Task objective
Match the word "with". Return each line of the data below where it appears.

Dataset records
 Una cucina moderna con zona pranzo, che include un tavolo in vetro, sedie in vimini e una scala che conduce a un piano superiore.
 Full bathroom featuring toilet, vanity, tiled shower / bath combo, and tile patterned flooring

...

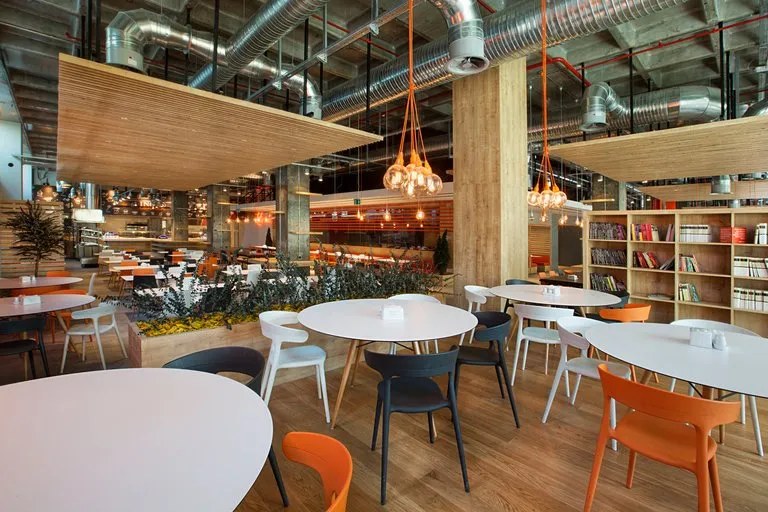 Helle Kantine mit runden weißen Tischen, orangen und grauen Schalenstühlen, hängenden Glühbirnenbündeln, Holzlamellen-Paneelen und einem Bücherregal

---

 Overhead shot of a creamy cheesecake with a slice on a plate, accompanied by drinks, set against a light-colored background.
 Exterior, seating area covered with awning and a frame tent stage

Output of the task
 Overhead shot of a creamy cheesecake with a slice on a plate, accompanied by drinks, set against a light-colored background.
 Exterior, seating area covered with awning and a frame tent stage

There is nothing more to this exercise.